Guilan Province is located in northern Iran and has an area of 14,044 km2 with an average elevation of 741 m above sea level. This province has 20 natural protected areas, which cover a total of 256,488 ha. ArcGIS 10.8 was used to create a historical fire database in the study area by digitizing fires between 1992 and 2022 from maps or by importing information directly from the previous GIS datasets. Point process models (PPMs) were used to analyze the spatial distribution of fire frequency. PPMs are a regression approach to model point data (i.e., geographic coordinates) for the number of times a 100-m pixel burns between 1992 and 2022. An existing raster map of the study area was converted to points by calculating the center of each pixel, and each point was assigned a frequency. Furthermore, IP was calculated as the average ignition probability occurring over a year in a raster pixel. To help use the fire ignition density to plan preventive activities, the output values were classified into five classes reflecting ignition occurrences (from very low to very high). Finally, the fire risk using BP was assessed by considering topography, fuel loads, and weather using FlamMap. To calculate BP, 1000 random ignition points were created based on the distribution of historical ignition points in the study area. The maximum fire simulation time was set to 6 hr (the average fire duration in the area).

Results and Discussion

There are 186 recorded fires (total burned area of 2232 ha) with an average annual number of 6 fires (average burned area of 12 ha) in the protected areas. Fires <10 ha accounted for 62.4% and 30.8% of the fire number and the burned area, respectively. Fires (10-50 ha) accounted for 32.8% and 46.2% of the fire number and the burned area, respectively. Fires (50-100 ha) accounted for 2.7% and 14.5% of the fire number and the burned area, respectively. Finally, fires >100 ha accounted for <0.5% of the fire number but alone accounted for 8.4% of the burned area. The distribution of fire frequency ranged from 0 to 6. The largest protected areas (40%) experienced no fires. 13% of these areas had 1-2 fire frequencies. Furthermore, 48% of this area had more than two fire frequencies.
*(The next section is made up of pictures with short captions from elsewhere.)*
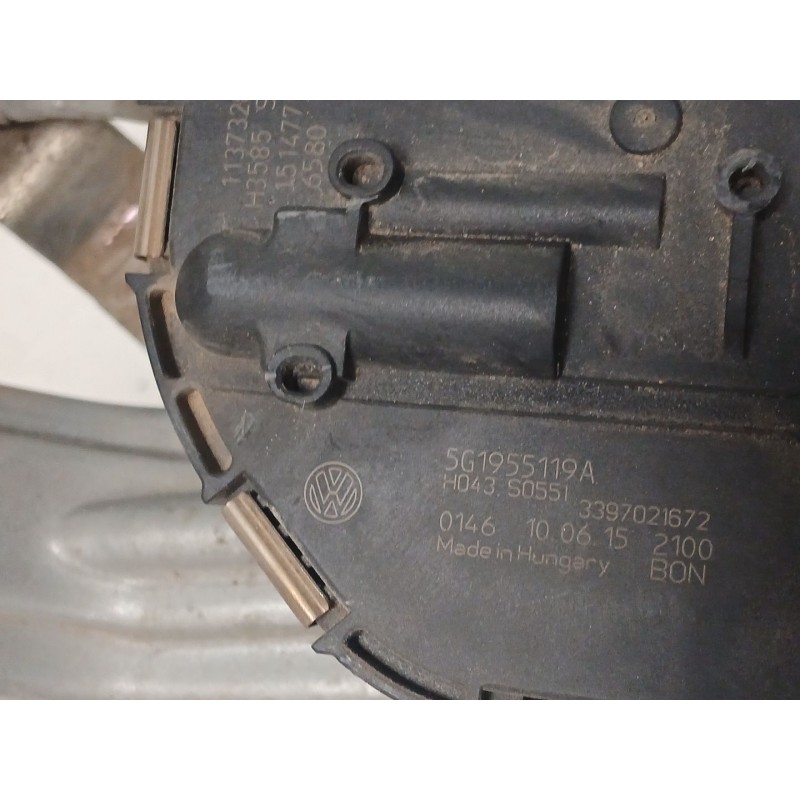 Recambio de motor limpia delantero para volkswagen golf vii (5g1, bq1, be1, be2) 1.6 tdi referencia OEM IAM 5G1955119A 139722066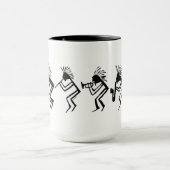 Kokopelli Horn en Flute Player Petroglyph Mok (Midden)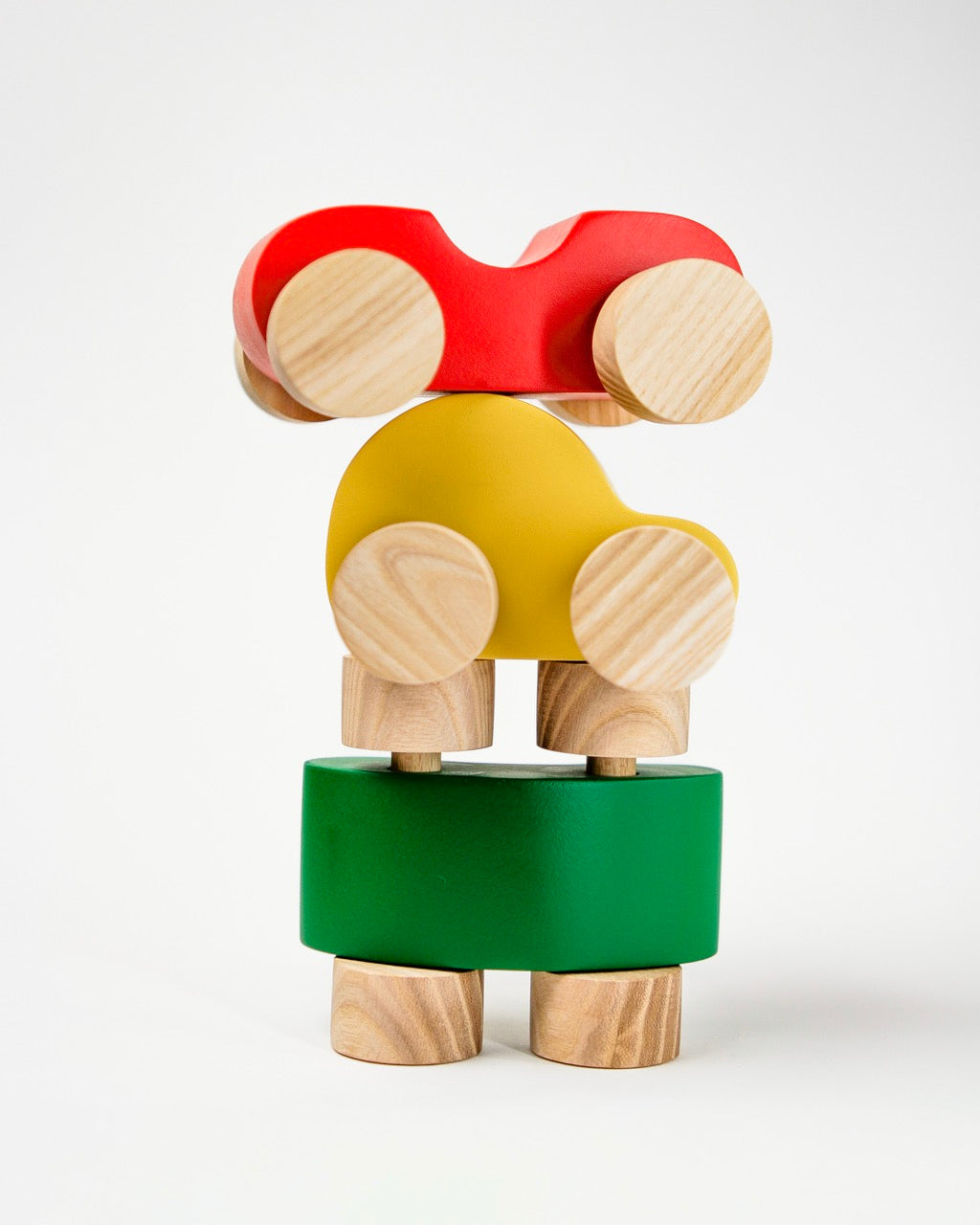 Stackable Car Set | 3 Fun Colours - Ketchup, Mustard, and Relish image 2
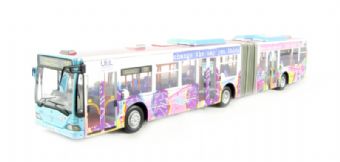 Mercedes Benz Citaro articulated bendy bus "University of East London"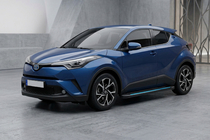 Toyota C-HR 2016–2023 Boční nášlapy Maya Blue (2 ks, hliník) fotografie 1
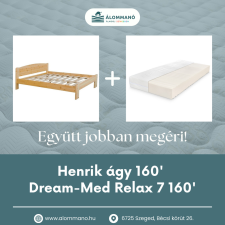  Henrik fix ágy 160-as + Dream-Med Relax7 160x200cm matrac ágy és ágykellék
About 35% of the study area had very low and low IP values, 36% had medium IP, and 18 and 11% had high and very high IP, respectively. 88% of the study area had low and moderate BP values, and 12% had high and very high predicted values. Two fire regimes can be distinguished in the area, one with relatively high fire frequency and BP (mainly at higher elevations) and the other with low fire frequency and BP (at lower elevations). High fire frequency and BP is very limited in extent and occurs in the patches in the southern area. In contrast, low fire frequency and BP regime is the most widespread regime in the area (except for the southern part).

Conclusion

According to the simulated patterns of fire frequency, IP, and BP in the study area, a clear distinction between the actual historical fire perimeters and the predicted burn pattern is that there are areas of moderate to high IP where fires have not occurred in the past 30 years. This is particularly evident in the southern and central parts of the area, where fires have either not occurred or have been very limited in extent. Therefore, a justifiable assessment could be that the likelihood of fire spread and vegetation communities undergoing extensive and long-term changes following the fire is high shortly. Although this study focuses on the protected forest areas, this approach can be applied to fire risk modeling at larger scales. This allows for broader application in natural resources management and planning at regional and national levels. It also provides a comprehensive tool for assessing and managing forest vegetation, soil, and water vulnerability.